*Exercise objective*: Further down are entries; set down exactly and only the lines from the one with "Smartfon z otwartą" up to and including the one with "Invitación Fiesta de", dropping each picture.

*Material for the task*:

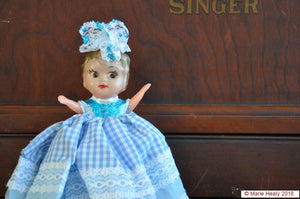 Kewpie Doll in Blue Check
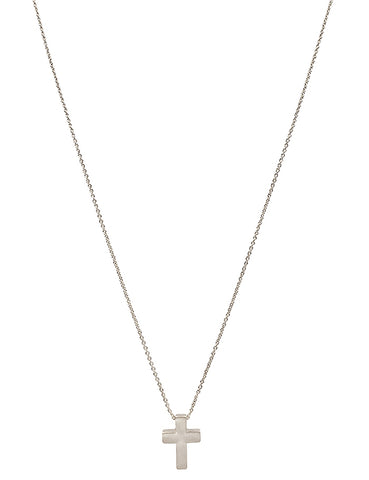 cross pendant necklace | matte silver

...

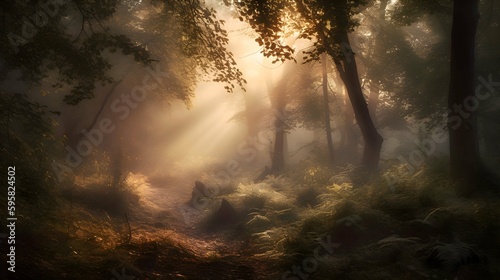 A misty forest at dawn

--

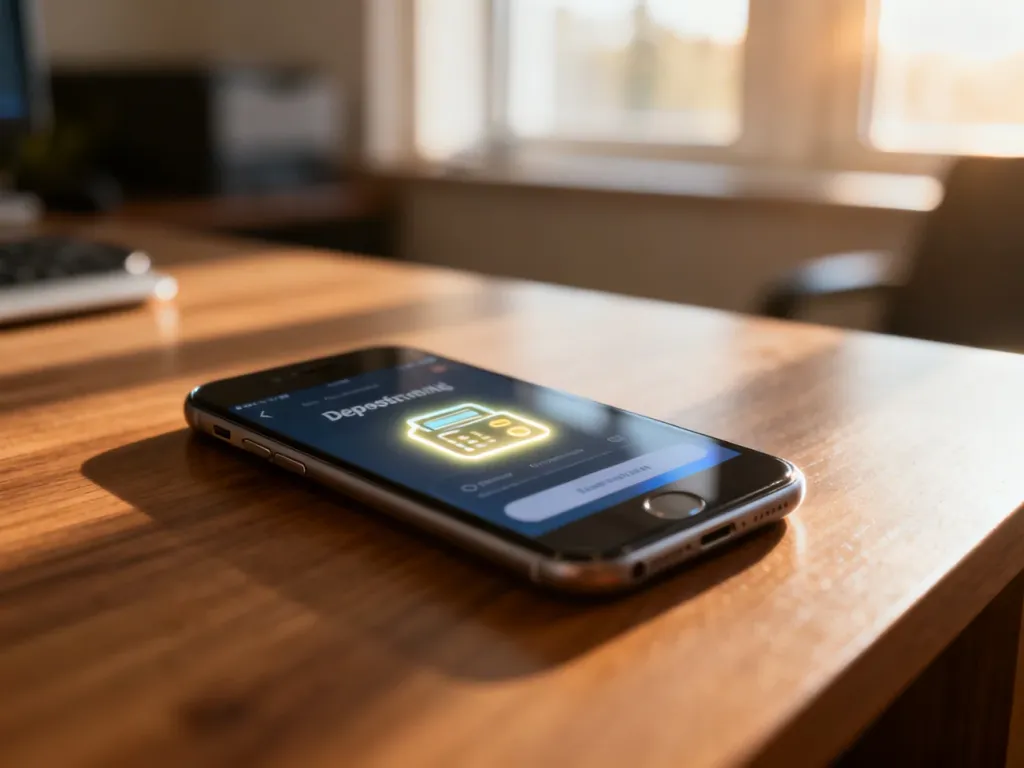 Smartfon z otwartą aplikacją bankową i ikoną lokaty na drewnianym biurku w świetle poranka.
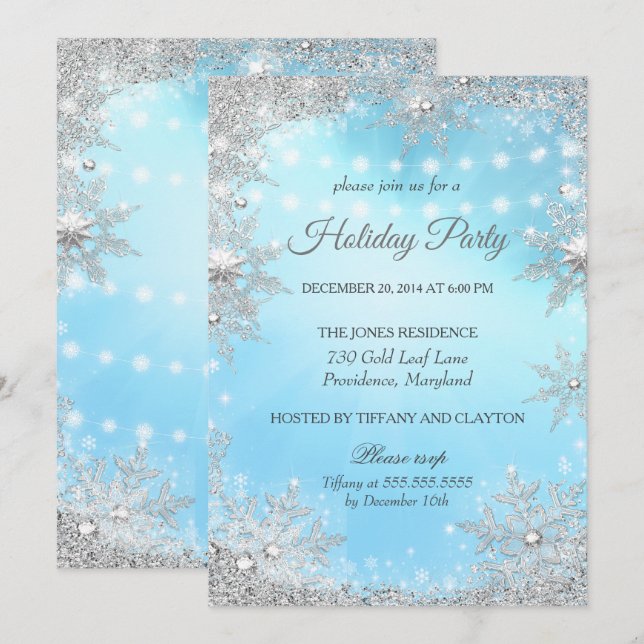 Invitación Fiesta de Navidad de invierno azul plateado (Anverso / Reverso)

*Written response*:
 Smartfon z otwartą aplikacją bankową i ikoną lokaty na drewnianym biurku w świetle poranka.
 Invitación Fiesta de Navidad de invierno azul plateado (Anverso / Reverso)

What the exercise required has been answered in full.